The FBR is going ahead with its aggressive tax collection drive and is a radical move, the government has proposed to disconnect mobile phones, electricity and gas connections of non-filers of income tax returns and bar businessmen from using banking instruments like cheques in its desperate attempts to broaden a narrow tax base.
The proposal also includes slapping 35% additional income tax on electricity bills of lawyers, dentists, doctors, accountants and also to share all types of data of the existing taxpayers with NADRA and this will take their total income tax to 43% of the billed amount.
The steps are being taken to broaden the narrow tax base comprising only three million income tax return filers after all previous efforts and policy actions have favoid full disclosure of their sales.
In this context the FBR has proposed an amendment to Section 21 of the Income Tax Ordinance that says that no deduction will be allowed in computing the income of a person under the head “Income from Business” by a taxpayer not being a company.

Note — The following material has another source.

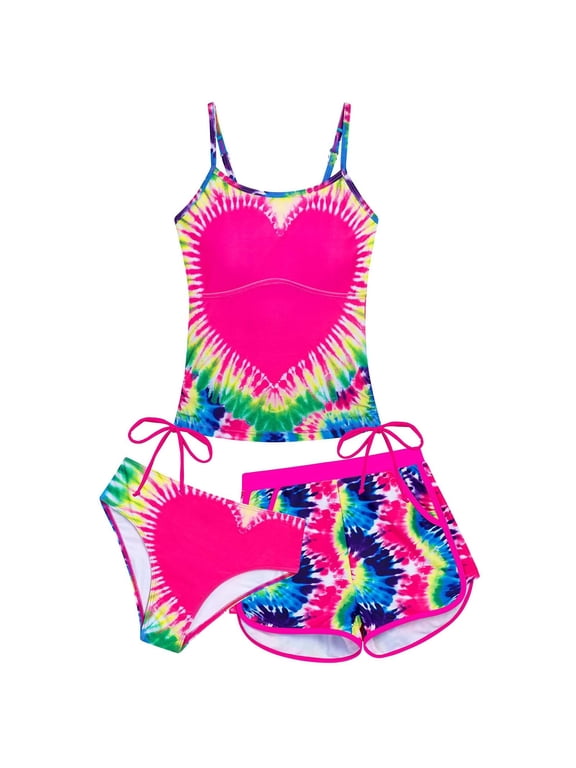 Girls 3 Piece Swimsuits UPF 50+ Tankini Set with Boyshorts Bathing Suit, Sizes 7-16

Similarly, any expenditure by a taxpayer being a company for a transaction, paid or payable under a single account head which, in aggregate, exceeds Rs.250,000 made other than by digital means from business bank account of the taxpayer will be treated as income instead of expenditure.
The only exemption from the digital payment will be small payments of up to Rs.25,000 and expenditures on account of utility bills, freight charges, travel fare and payment of taxes.
However, the government has decided to enforce digital mode of payments without first plugging loopholes that led to creation of black money like difference between market value and FBR values of properties, agriculture income tax exemption and tax-free foreign remittances.